А мама спит… Наверное, только что легла…
На лестничной площадке Агничка в нерешительности остановилась. Неизвестно как случилось, только вместо того, чтобы открыть ключом свою дверь, она нажала кнопку звонка квартиры напротив.
Кондратий Степанович выглянул в своем рыжем тяжёлом халате. Приспустив на самый кончик носа очки, он внимательно и быстро окинул взглядом поникшую фигуру девушки, неопределённо гмыкнул, обнял, повёл к себе.
В просторном кабинете, заставленном книжными шкафами, пахло валерьянкой. Усадив девушку на диванчик, старик устроился в ветхой качалке.
— Вот и расчудесно, что заглянула, — проговорил он. — А что это за трава у тебя, Агнюша?
Агничка растерянно разжала кулак. — Это, это пшеничные всходы, — сообщила она запинаясь. — Новый сорт пшеницы…
— Скажи-ка на милость! Новый сорт!.. Сними-ка пиджак, Агнюша… А дождичек знатный был. Теперь тепло наступит…

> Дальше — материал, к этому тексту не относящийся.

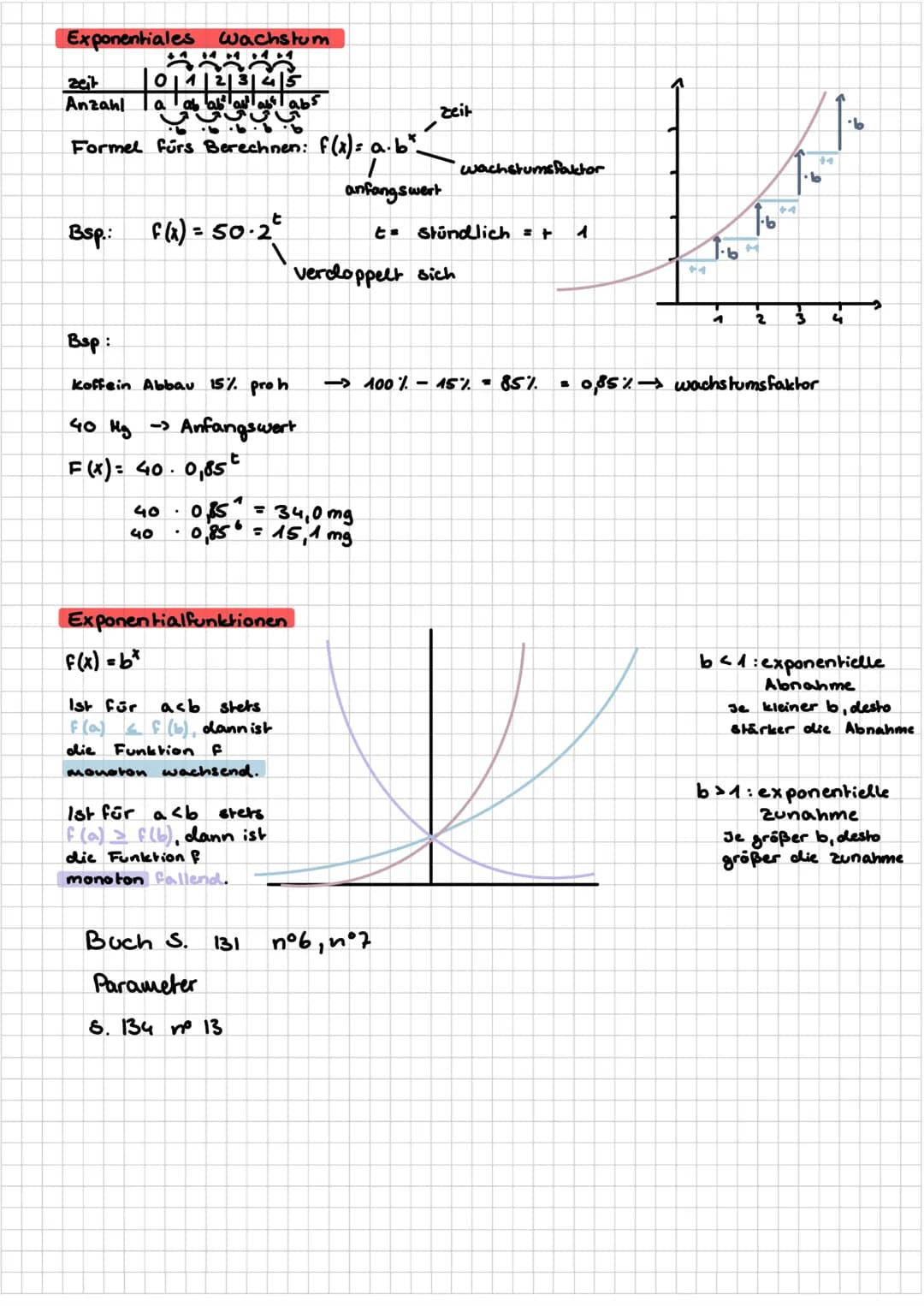 f(x) = ($) *
fallende
Exponential-
funktion, da die Basis
bea
Die Graphen
schneiden die y-achse
im Punkt Sy (014)
-$
Exponential/logaritkare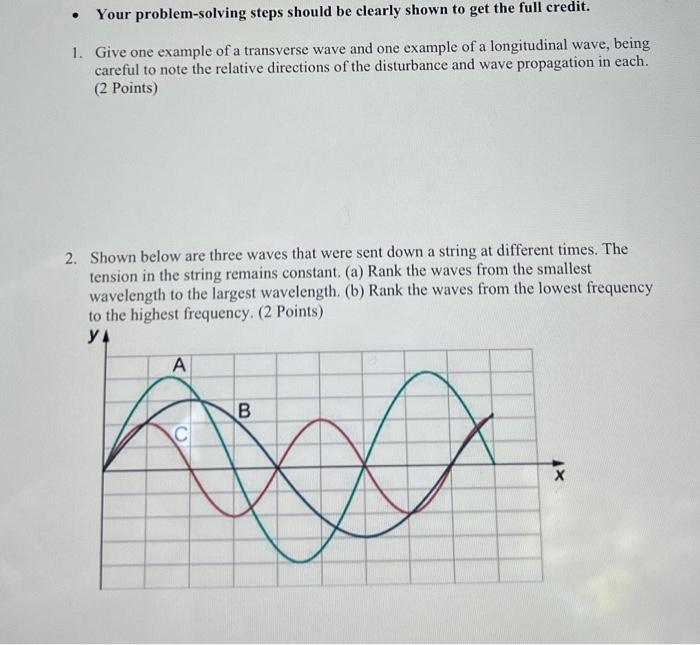 consider the general problem solving steps shown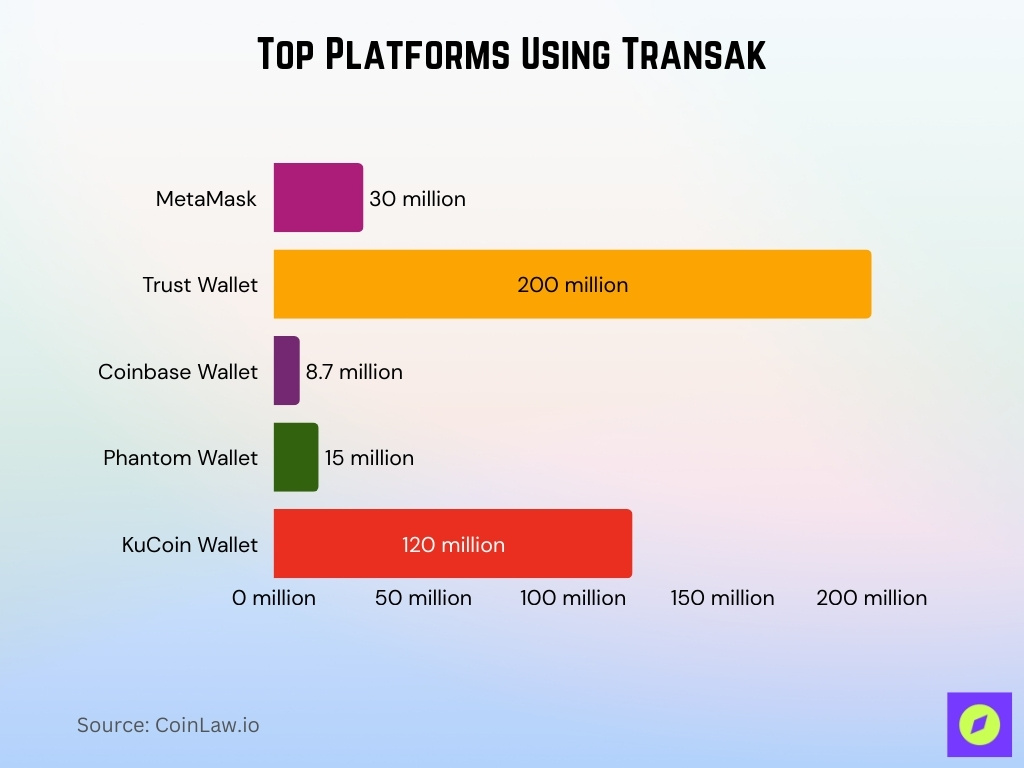 Top Platforms Using Transak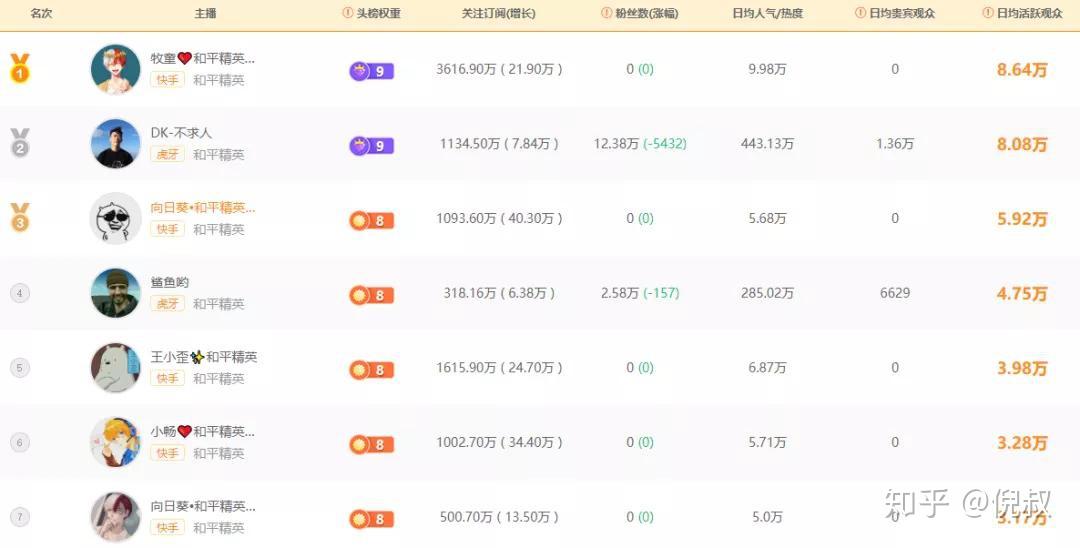 快手交易平台软件_卖快手的软件_买快手粉软件叫什么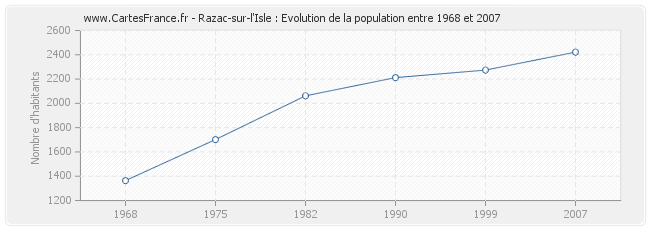 Population Razac-sur-l'Isle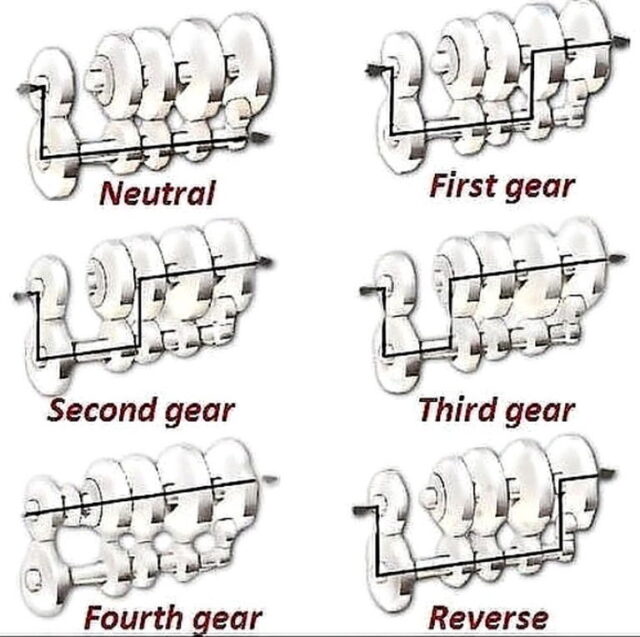 Gear Ratio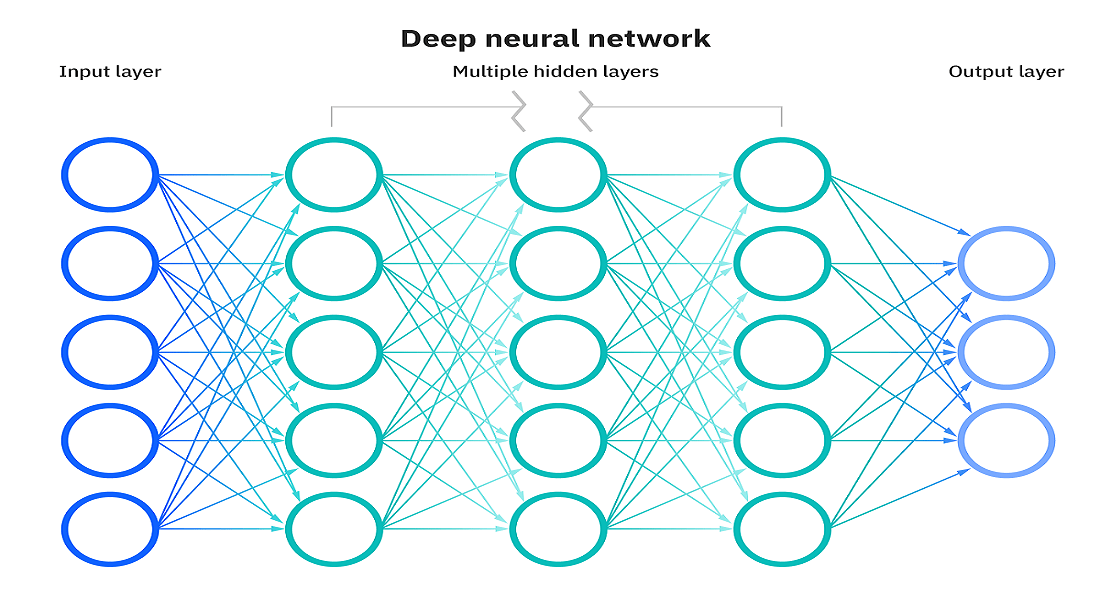 Artificial Intelligence and Machine Learning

— Наступит, — пролепетала Агничка, сглатывая подступивший к горлу колючий солёный комок. Неожиданно всхлипнув и точно боясь, что её могут остановить, она заговорила стремительно и страстно.
Потирая больное колено, старик терпеливо слушал её скомканную речь.
…Кажется, совсем недавно эта девушка ходила в коротком платье, забегала к нему, требовала рассказать сказку о белом аисте и живой воде. Совсем недавно она выпрашивала у него «Трех мушкетеров» и с наслаждением посасывала липких сахарных петушков на палочках…
А теперь вот сидит перед ним, съёжившись в комочек, прижимает к груди рукав мокрого серого пиджака и с возмущением говорит о странных, непонятных вещах. На первый взгляд это было по-ребячьи, не серьёзно, не существенно… Не всё ли равно, кто из хирургов проведёт операцию больной? И всё же…
Давно прошла молодость. Давно отцвела первая весна, и запах черёмухи не волнует, не кажется тревожно-острым и сладким. Чем же может помочь он, старик, этой юной и глупой? Как возвратить ей счастье первой весны, как заставить цвести черемуху даже глубокой осенью?
Он в раздумье задержал взгляд на столе, на разложенной рукописи, на пузырьке с бурой жидкостью — сегодня что-то особенно шалило сердце, видно, переволновался во время операции. Ничего, через несколько дней все болячки исчезнут. В поезде отдохнёт, а на конференцию, наверняка, съедется немало фронтовых друзей — давно не виделись…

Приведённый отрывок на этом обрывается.